Creating recipes changing number of lines in dataset

OlivierW · September 2020

Hello,

I ask for your help to create a recipe that would change the number of lines of my dataset. I wish to do the following operations but am enable to create them in dataiku :

My dataset looks like :

Item number	Date	Value
Item 1	Date 1	Value 1
Item 1	Date 2	Value 2
Item 1	Date 3	Value 3
…	…	…
Item 2	Date 1	Value 1
Item 2	Date 2	Value 2
…	…	…

The operations I aim to do are :

Calculate the average value of each item during each period of one month
Exclude the lines where the value has a discrepancy of more than x% with the average monthly value of this item
Recalculate average values based on the cleaned data

If anyone can take the time to advise me, I would be grateful!

Have a nice day

Olivier

Mateusz · September 2020

@OlivierW
I think that way you have additional column with the average value for each iteam in each month, without losing orginal value? this is what you are looking for? If yes, then we can use "Prepare recipe" and calculate difference between each value and the average and then remove these values, after that we can use "Group recipe" and group by "month" and "item" again, setting up aggregate value to "AVG" on this dataset.

As for point 1) If you want to calculate average value in a month and ignore item name, just remove item from the window recipe.

Let me know in case any questions

Mateusz

Ignacio_Toledo · September 2020

Well, just in case is useful for the future, I implemented @emate
solution in a project that I'm uploading here, using a test dataset.

OlivierW · September 2020

Hi @Ignacio_Toledo
,

Thanks for your solution, it worked great!

Ignacio_Toledo · September 2020

Hi @OlivierW
. I think I might help you with this, but I wanted to know first if you want to solve this problem using only Visual Recipes, or is OK to use a Code recipe (python for example)

OlivierW · September 2020

Hi Ignacio,

Thanks for your reply.

Ideally, I would prefer a solution using dataiku tools if possible, because I don't know Python langage. But if it is impossible, a code recipe would be great too.

Have a nice day,

Olivier

Mateusz · September 2020

Hi @OlivierW

There are couple of ways to do that.

As for your first point, you can use group recipe , but I think in your case better would be a "window recipe" since you want to remove the rows after calculating an average.

Attached png screen shot, on how to calculate Average for each item in each month.
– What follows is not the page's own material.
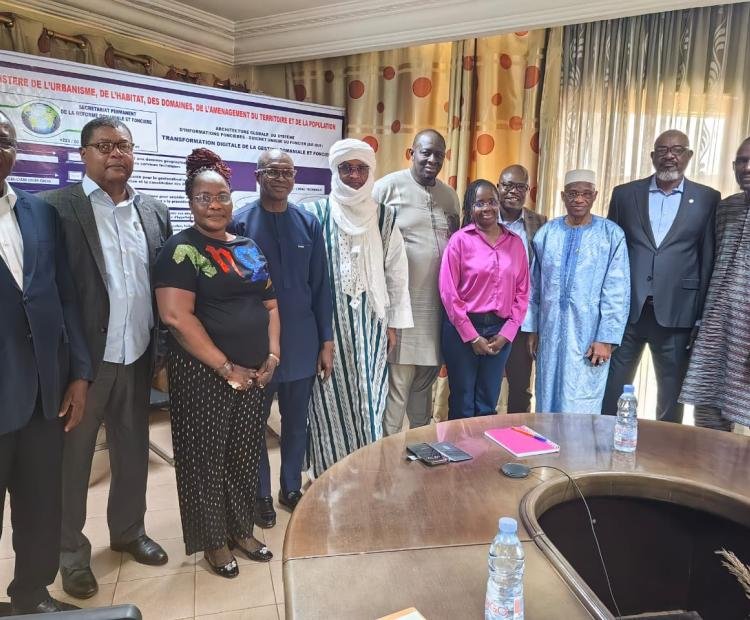Rencontre institutionnelle entre les Ordres des Architectes de l’UEMOA et le Ministre de l’Urbanisme du Mali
Could you clarify your second point:

Exclude the lines where the value has a discrepancy of more than x% with the average monthly value of this item

What conditions you want to decide which rows to remove? Like for exmaple looking at "window3.png" I attached which rows you would like to remove in each month? Once we establish that we can just remove these rows and re-calculate an average with the window recipe once again.

For example, when the average is 3, you want to remove the rows where value is 30% higher than the average?

Regards,
Mateusz

Mateusz · September 2020

Attached screenshots...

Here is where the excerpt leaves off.